Wednesday, December 4, 2019

Liberatory Design with Year 9 and Sustainable Cities

Liberatory Design Thinking

As part of my Boma Fellowship  I attended a 2 day intensive workshop at the Stanford d School at Stanford University, let by David H Clifford. This introduction to Liberatory Design  (LD) has had an impact on my own thinking. It has led me to create a series of micro-credentials as well create a unit of learning, where students went through the process of LD to design sustainable buildings as part of a sustainable city project.

What is Liberatory Design?

Liberatory Design was co-created by David Clifford and the National Equity Project . It is about bringing equity into the design process:

The image above shows the LD process and it has several components that encourage the designer to examine equity in their design through: Notice, Reflect and Empathize. To me this way of thinking allows the 'human' to remain at the centre of the design rather than the 'product'.

Sustainable Cities, LD and Year 9

Students in our integrated curriculum class (Science, English and Social Studies) have had their learning structured around the SDG's and Global Citizenship. Students have undertaken a series of student led inquiries and project based learning. In Term 3 we used the Liberatory Design process to structure the student learning program.

Students were in groups and each had an aspect of city. The premise was a new island was going to built off the coast of Christchurch and it must be a sustainable city. Each group was assigned a different aspect of the city e.g. industrial, residential, business... 

We first took them through the 'Notice' phase where we discussed things such as bias and assumptions. This was more challenging than I had anticipated with some students declaring they had no bias. I sort some advice from the Boma Ed Fellows and David and based on their advice designed some games. This helped to create some light-bulb moments for students where they realised they did have bias. One student reflected that her role was to create a sports centre and she had focused on netball which was her favourite sport and passion. She then examined her own assumptions and redesigned her sports centre. Other students noted how they had male/female toilets and this may not be the most equitable design in catering for everyone (these are only two examples) - this was directly related to addressing their own assumptions.

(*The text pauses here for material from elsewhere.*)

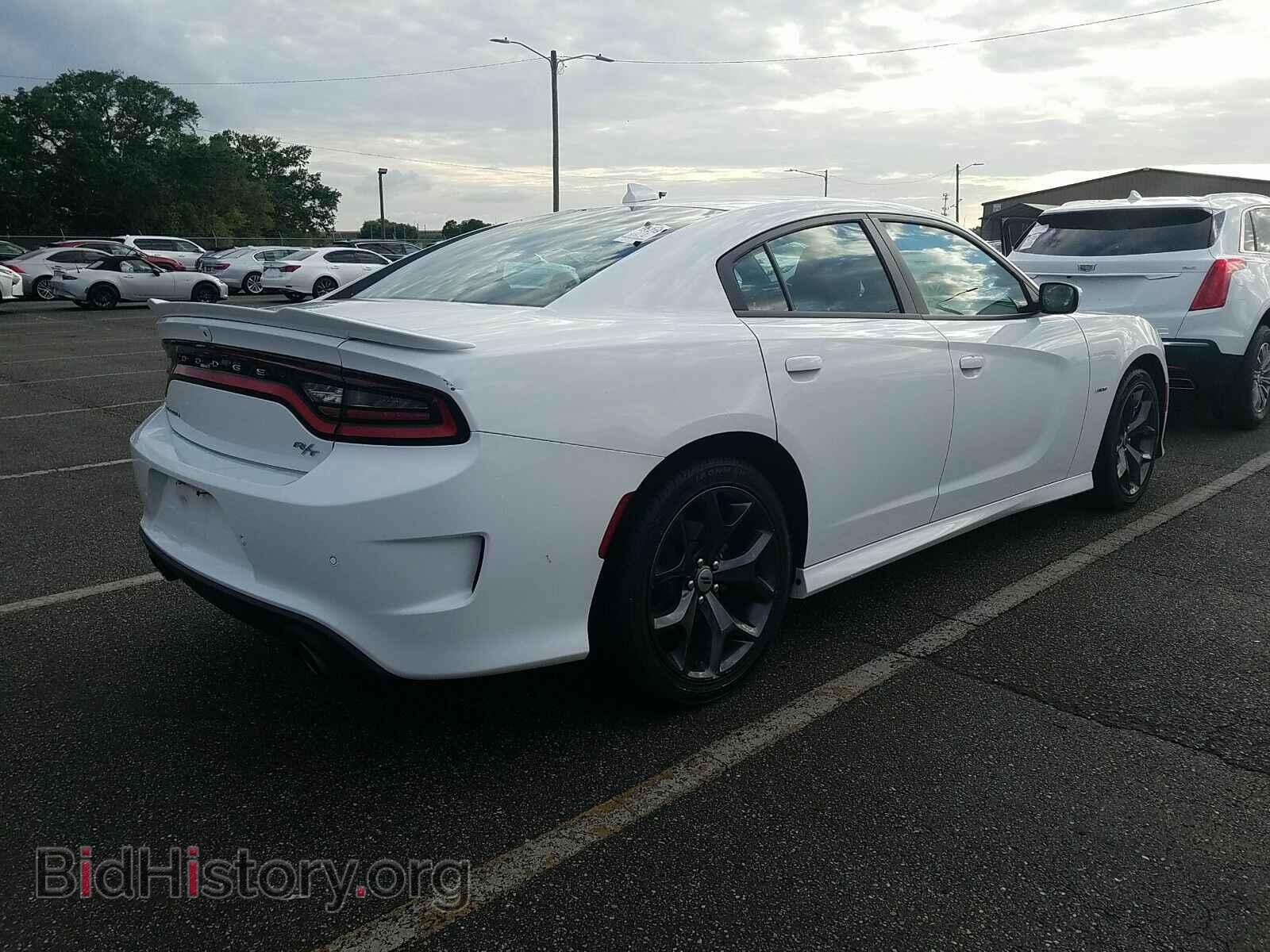 2019 Dodge Charger - VIN: 2C3CDXCT6KH575528 - Photo 2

Prototype in Minecraft Edu

Part of our challenge was getting students to think beyond the easy solutions. A way we did this was work in 'Chance' over the course of the term. For example, after students had decided on their power sources, we took away the lithium mines - it had been in the news and we worked it into the lesson. This meant that students had to go back from ideate/prototype back to the 'define' section after re-examing the 'notice' and 'reflect'. Some students were frustrated at starting again. However, when we spoke to them about how this related to building their capabilities in relation to perseverance, problem solving and overcoming challenges as well as working through the design process, the students got it.

As far as the prototype stage, we had students do at least three and this was related to 'Chance' challenges. Students for the most part opted to prototype in Minecraft EDU. What was interesting were the students commenting that it was easier to do it in Minecraft than with the card. That it was hard to visualise with just card and then how to actually create the building. We required their final prototype to be done with card, cello-tape and glue. Students created QR codes to display their Sway's, or Power-point or video on the what the sustainable features were and other aspects of their design.
Students had to have at least 3 sustainable features and at least 1 additional sustainable feature focused on well-being.

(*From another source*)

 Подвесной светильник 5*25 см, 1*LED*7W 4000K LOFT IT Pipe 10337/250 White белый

Sports stadium:the QR code will work if you have a QR reader on your phone

Recreation Area (QR code has been black-out)

Rather than the 'Test' phase we did have students reflect on their learning and the process. We also invited teachers to a presentation where students shared their learning.

There was a lot more to this than the summary above but I hope to highlight some key moments. A key learning for me was the the 'Notice', 'Empathize', 'Reflect' aspects of Liberatory Design which needs to be worked into the curriculum through-out the year. By working on this through-out the year students would be able to go deeper when looking at equity and challenging their own bias/assumptions and that of others/systems/issues.

Sunday, May 26, 2019

Palo Alto and Esther Wojcicki post 3

The last school we visited on our Boma Ed Fellowship to California was Palo Alto High School to see their Media Studies department and meet with Esther Wojcicki (It was a highlight for me, to meet Esther). 

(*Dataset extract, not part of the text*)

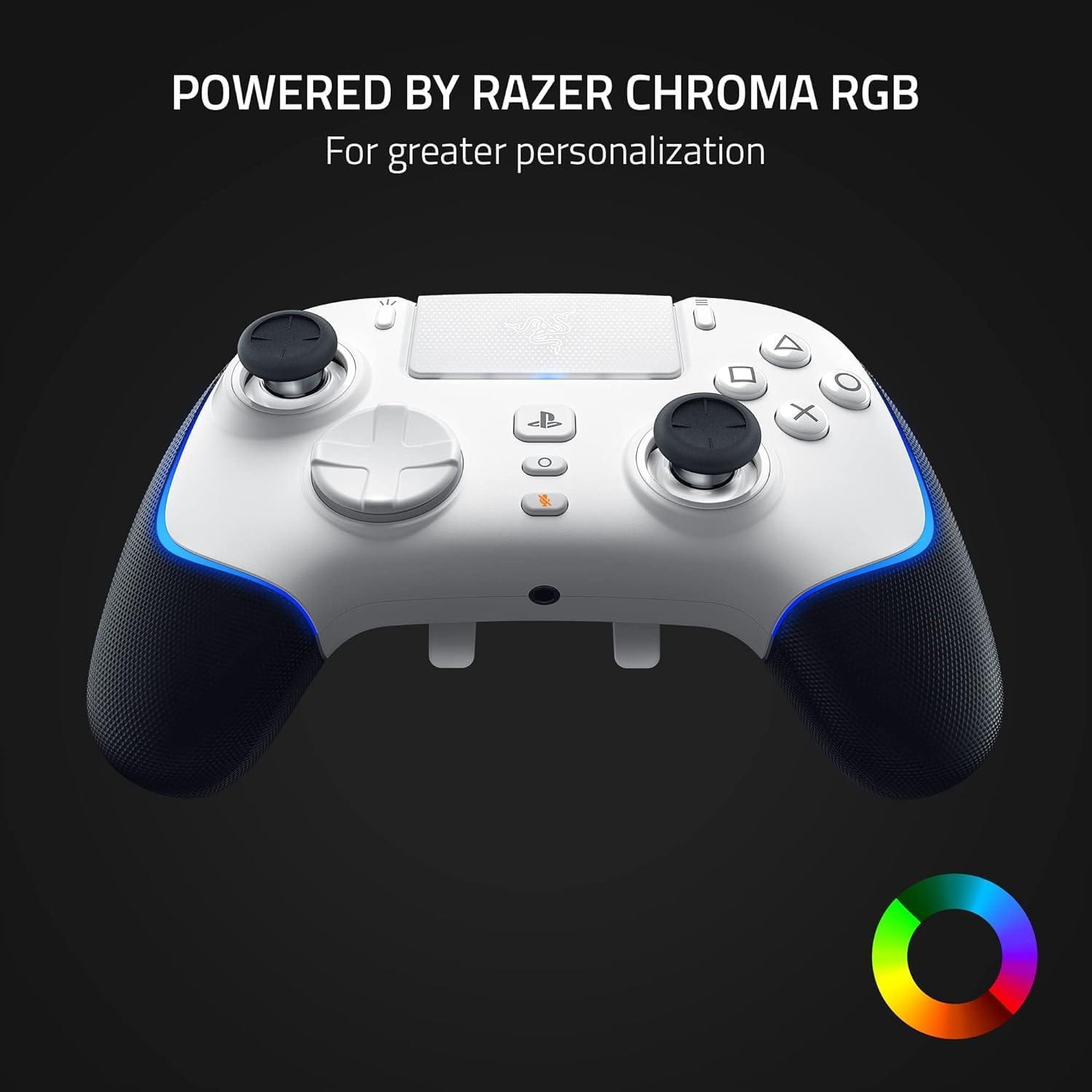 Razer Wolverine V2 Pro White (PS5 / PC)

I had watched a few of Esther Wojcicki online talks through Singularity U and have the 'TRICK' acronym up on my whiteboard. The word I really love is the acronym   'Kindness' and is something I am wanting to focus on with the students.

I think what struck me the most about visiting this school was here was a teacher who had believed in her students and program. She made it work inside prefab buildings until the number of students overwhelmed the space, and a purpose built building was built. That Esther had the drive and passion to deliver a curriculum that was truly engaging and authentic.

We walked into a classroom where students were just announcing who the new editors were.
Students where running this learning with teacher off to side observing. Students clapped and cheered as the new editors went up. The chatter among the students was positive. The air was filled with anticipation and celebration. It really was exciting to watch. From here they split into their own groups and down to the business of putting together a publication. 
There are a number of publications students put out and each one is responsible for gathering the advertisements to fund the print run. Each publication is of an exceptional high standard whether it be a newspaper such as The Campanile or a magazine like Agora:
Besides the print publications there are also involved with visual media such as tv where student produce a variety of tv shows.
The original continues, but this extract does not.